4. I may point out in this connection that it was held, that under the Indian Companies Act of 1882 the special proceeding provided for by Section 214 was not subject to any rule of limitation. D. Connell v. Himalaya Bank, Ltd. I.L.R.(1895) 18 All. 12. See also Ramasami v. Streeramulu Chetti I.L.R.(1896) 19 Mad. 149. But under the present Companies Act, Section 235 expressly enacts that applications in respect of misfeasance or breach of trust are in the nature of suits, governed by the provisions of the Indian Limitation Act. The Legislature may, if it chooses, enact a provision on the lines of Section 235(3) of the Indian Companies Act but the courts cannot import a rule of limitation where the Legislature has either by design or accident failed to prescribe a period.

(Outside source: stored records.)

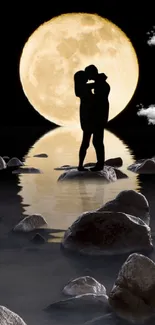 Silhouette couple under full moon on a rocky shoreline.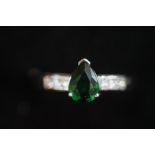 18ct White gold ring set with green stone & diamon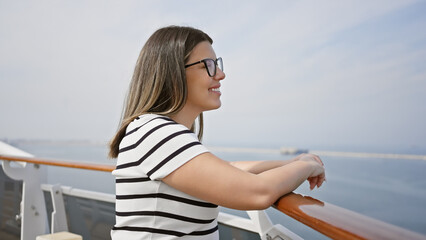 Smiling young woman leaning on a cruise ship railing overlooking the ocean under a clear blue sky.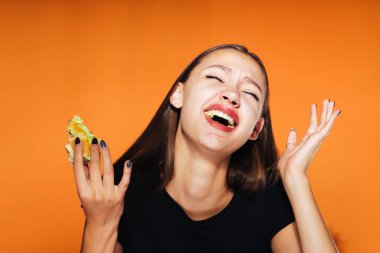 Aç kız onun hamburger yiyor. Kız gözleri kapalı gülüyor. Çok lezzetli yemekler, turuncu bir arka plan üzerinde izole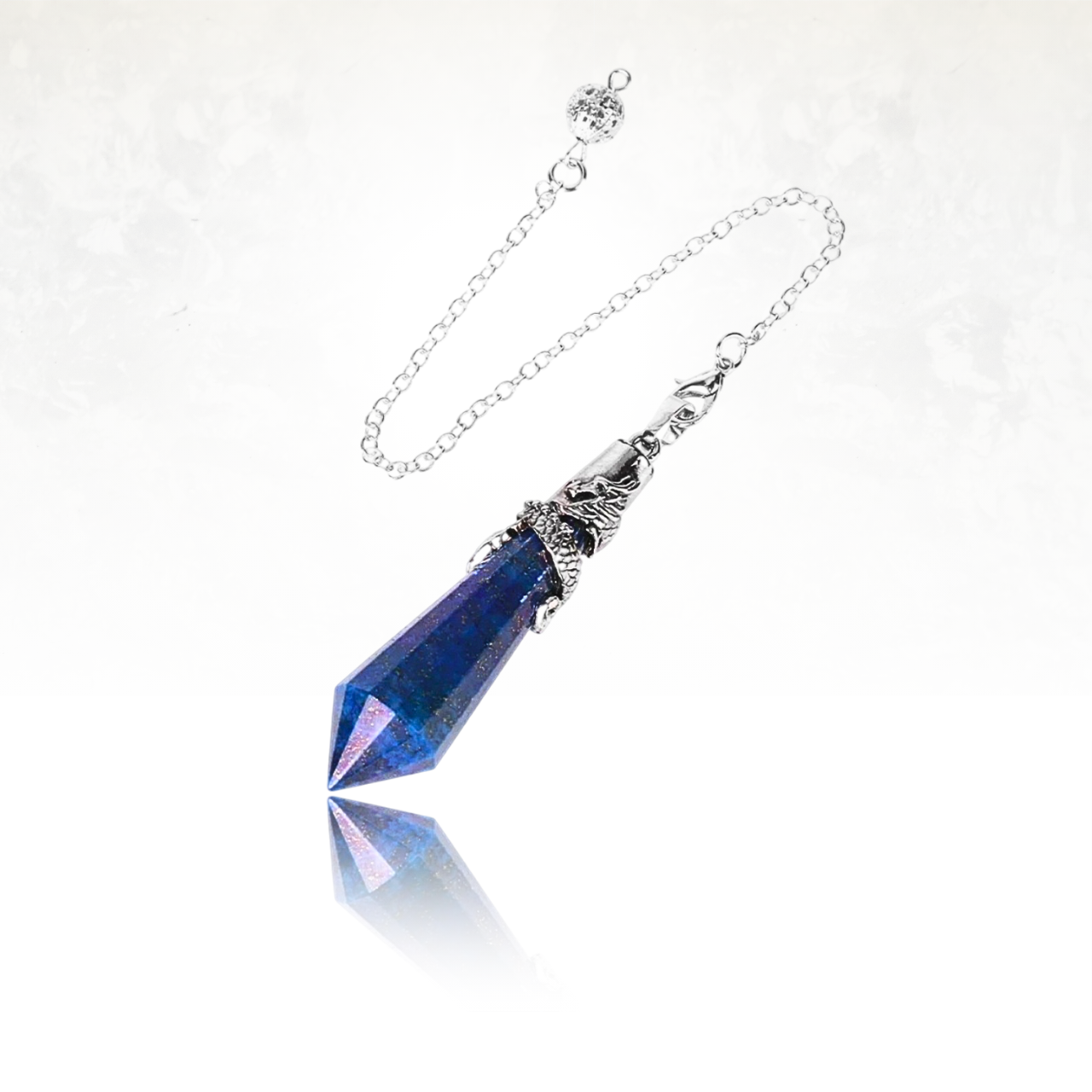Magnifique pendule en lapis lazuli avec une monture argentée et un dragon en relief.

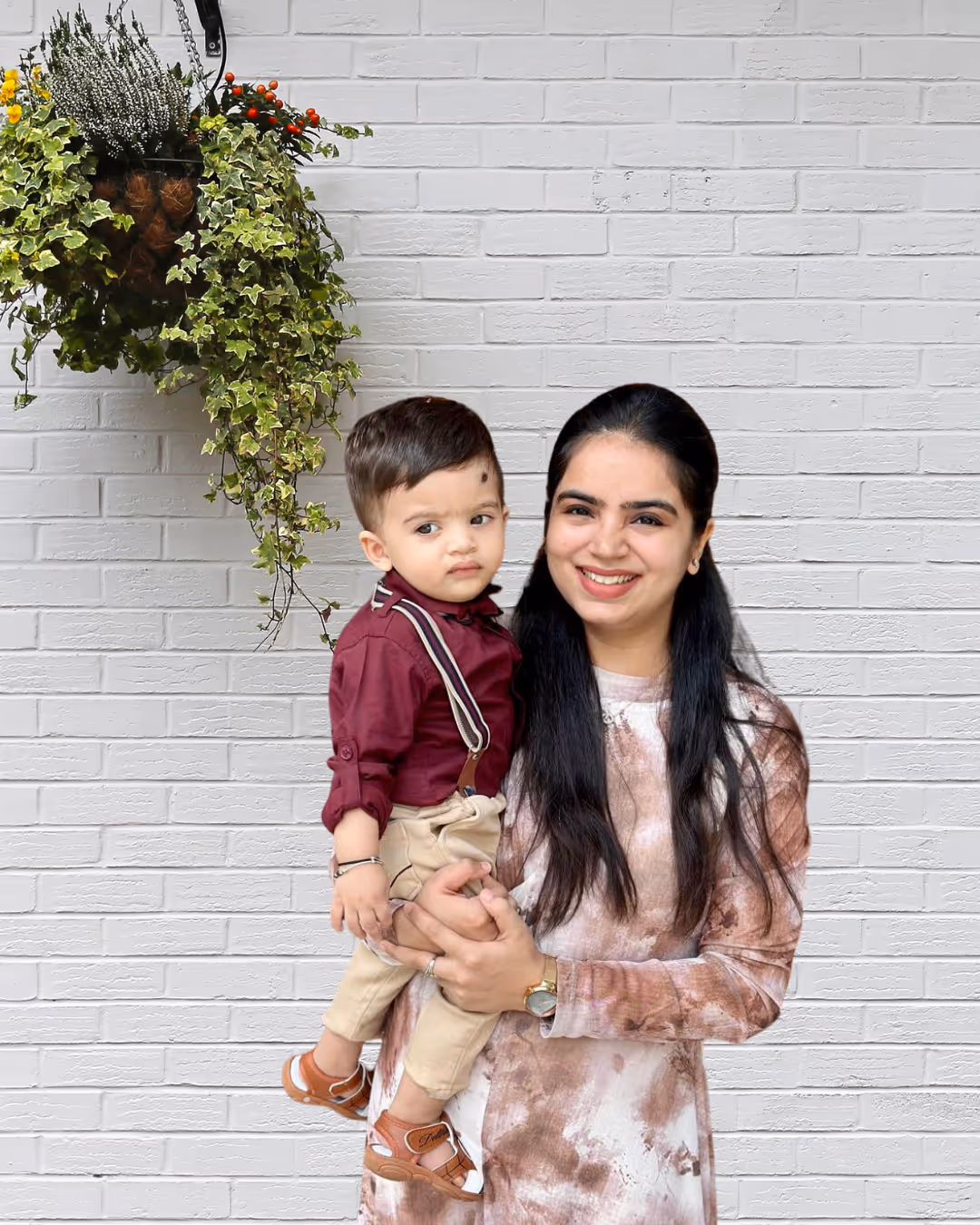 Woman with long dark hair holding a young boy dressed in a maroon shirt and beige pants, standing in front of a white brick wall with a hanging green plant.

5. It may also be observed that Section 227 and Rule 5 are not coextensive. The suits referred to in that section are against members of the Board only, but under the rule the loss may be recovered even from an employee or servant. The contention therefore that the rules are ultra vires fails.

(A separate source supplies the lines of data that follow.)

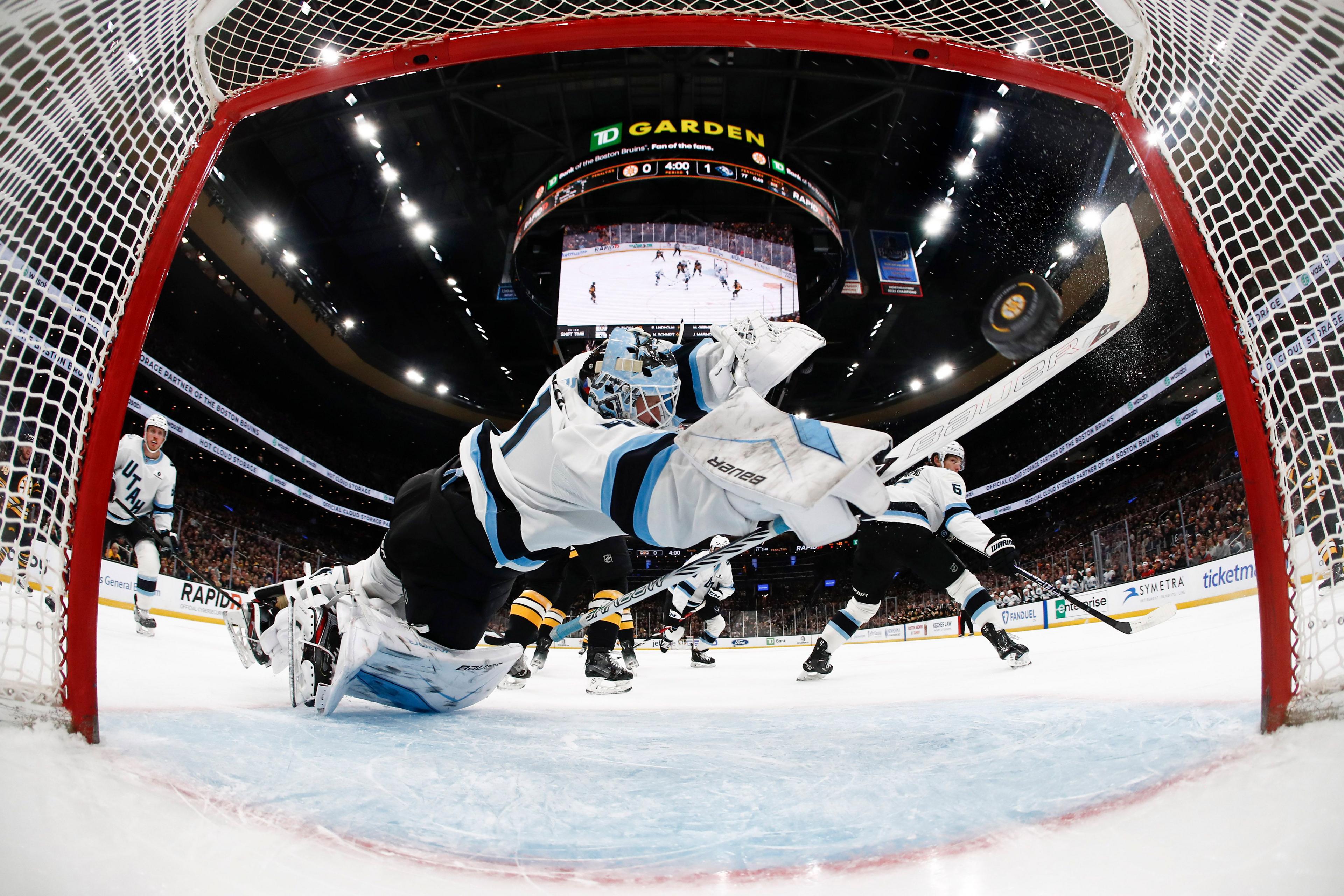 Utah Mammoth goaltender Vitek Vanecek dives but cannot stop a shot by Boston Bruins' Morgan Geekie in their NHL match at TD Garden in Boston, Massachusetts
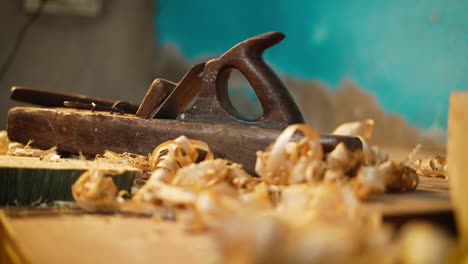 Wood-planer-lying-in-a-carpenter-workshop-with-wood-waste,-closeup-of-carpenting-tools,-process-of-making-wood-furniture,-professional-carpenting-tools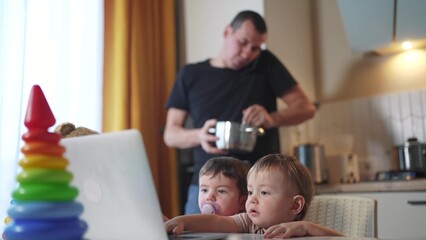 father cooking in the kitchen remote work. baby twins playing with laptop in the kitchen. father...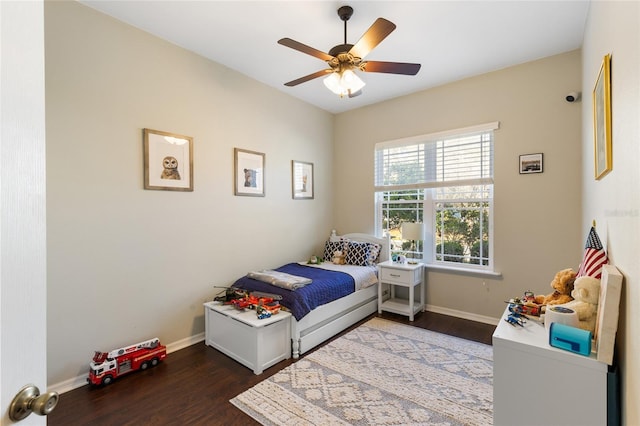 bedroom featuring ceiling fan, baseboards, and wood finished floors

6. There was some argument in regard to the words 'surcharge' 'disallowance' and 'charge': But nothing material turns upon the use of those words. Rule 5 is modelled on Section 247, Clause (7) of the Public Health Act of 1875; with certain slight alterations that section has been reproduced. Cozens Hardy, M.R. points out in Rex v. Roberts (1908) 1 K.B. 407 , that the word 'surcharge' is not used in the English Act just mentioned in its strict technical sense. The expression 'surcharge and falsify' refers to the mode of taking accounts in Chancery; if any of the parties can show an omission for which credit ought to be given that is surcharge; if anything is inserted, that is wrong, he is at liberty to show it and that is falsification. (Whatson's Law Lexicon). But 'surcharge' is used in another sense - an overcharge of what is just and right; a declaration by an auditor that a person is personally liable to refund a particular part of public money illegally expended by him (Ibid.). According to Murray's Oxford Dictionary, 'surcharge' means (1) the act of showing an omission in an account or a statement showing this; (2) a charge made by an auditor upon a public official in respect of an amount improperly paid by him. The first has to do with a wrong omission, the second with a wrong insertion and the two meanings are thus contradictory. It is therefore clear that the three words in question have no special legal significance attached to them.
7. It is next argued that it has not been shown that the President has been negligent. I am not prepared to interfere in revision with the lower Court's finding on this point which is a finding of fact.
8. In the result, the Civil Revision Petition fails and is dismissed with costs.